Auch ein weiterer Augenzeuge des Vorfalls erklärte, keine Ohrfeige gesehen zu haben. Schließlich wurde der ermittelnde Polizeibeamte befragt und erklärte, aus dem Munde des Angeklagten den Satz gehört zu haben: „Ich hab ihm eine aufs Ohr gehauen!“
Betrunken waren wohl alle, beim Angeklagten wurde eine Blutprobe entnommen, die eine Blutalkoholkonzentration von 1,6 Promille ergab. Man habe aber an seinem Verhalten nichts gespürt, was auf eine Trunkenheit hingedeutet habe. Der zweite ermittelnde Beamte, der anschließend befragt wurde, gab zu Protokoll, dass die vier Frauen, die mit dem Geschädigten am Tisch gesessen seien, von einer Ohrfeige nichts mitbekommen hätten.
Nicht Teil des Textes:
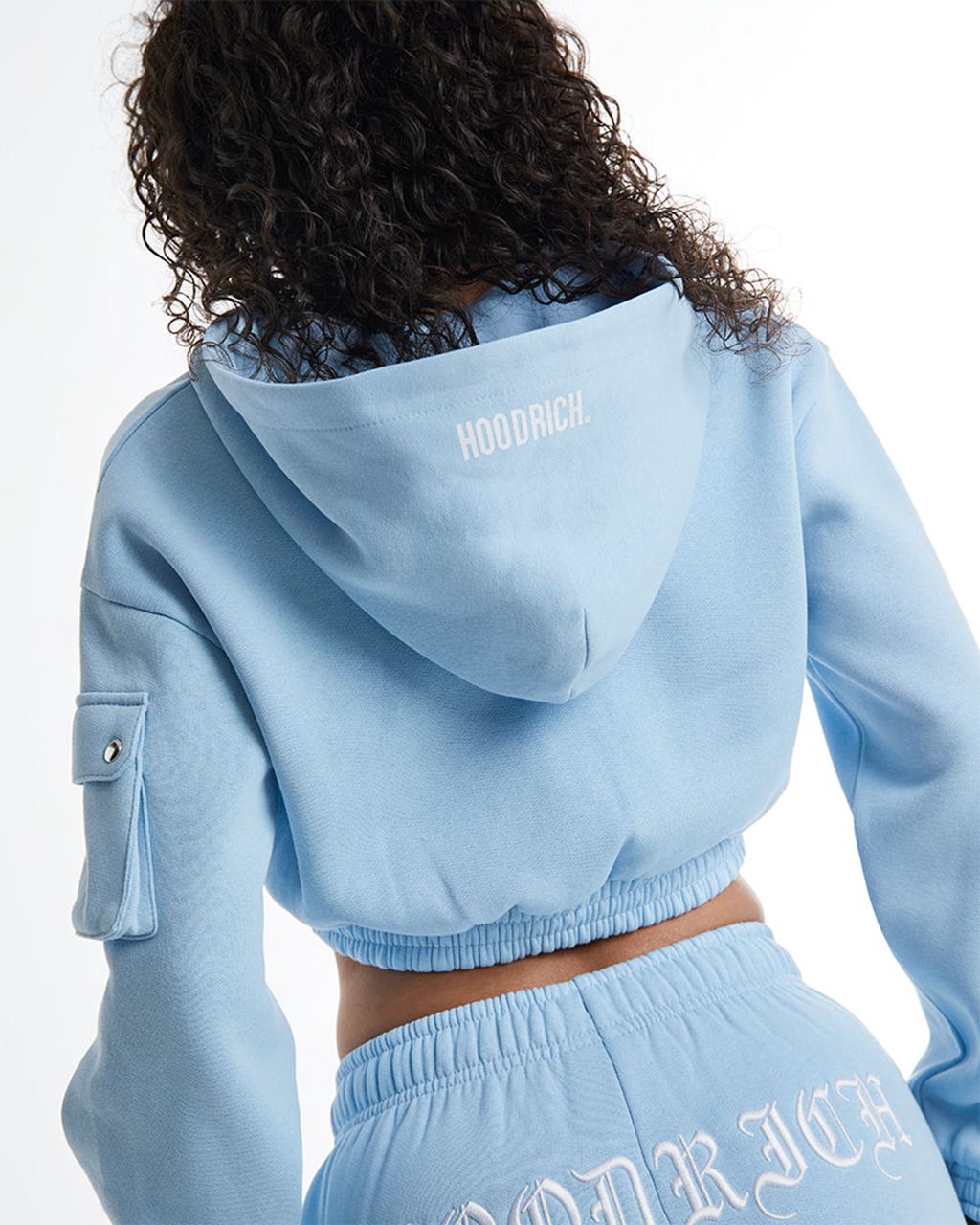 Blue/White Hoodrich Dusk Full Zip Cropped Hoodie USA | 697-ABWYZC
Unter diesen dürfte dann auch die enge Freundin des Geschädigten sein, die angeblich alles bezeugen könne, was der Geschädigte vor Gericht vortrug.
Richterin Vogel trug abschließend noch aus dem Bundezentralregister vor, dass der Angeklagte seit 2014 insgesamt sechsmal aktenkundig geworden sei, und zwar dreimal wegen Drogenmissbrauchs und dreimal wegen Körperverletzung oder gefährlicher Körperverletzung, 2014 habe er sogar einmal eine Gefängnisstrafe von sechs Monaten auf Bewährung erhalten.
Was war also passiert in jener Sommernacht?
Für die Staatsanwältin war der Fall klar: Der Angeklagte sei wegen Körperverletzung zu verurteilen, man habe hier eine alkoholbedingte Enthemmung erlebt. Sie räumte ein, dass der Geschädigte an der Eskalation mitverantwortlich gewesen sei, die sechs Einträge im Bundeszentralregister wögen hingegen schwer zu Ungunsten des Angeklagten. Die Staatsanwältin forderte eine Geldstrafe von 150 Tagessätzen zu je 50 Euro, der Verteidiger sah das naturgemäß etwas anders und plädierte dafür den Angeklagten freizusprechen. Der Geschädigte sei nach der vermeintlichen Körperverletzung nicht zum Arzt gegangen, keiner der Zeugen habe diese vermeintliche Tat bestätigen können, der Geschädigte habe in der Gaststätte Hausverbot, nicht aber der Angeklagte und letztlich sei ein großer Schaden nicht entstanden.
Für Richterin Vogel gab dann in ihrem Urteil die Aussage des Polizeibeamten, der gehört hatte, dass der Angeklagte die Ohrfeige zugegeben hatte, den Ausschlag. Sie räumte ein, dass der Geschädigte nur bedingt glaubwürdig sei, den Angeklagten vermutlich provoziert habe. Andererseits gebe es eine Kontinuität des Angeklagten bei Gewaltdelikten, wie die Einträge im Bundeszentralregister bezeugten.
Sie verurteilte den Angeklagten zu 90 Tagessätzen von je 50 Euro Geldstrafe.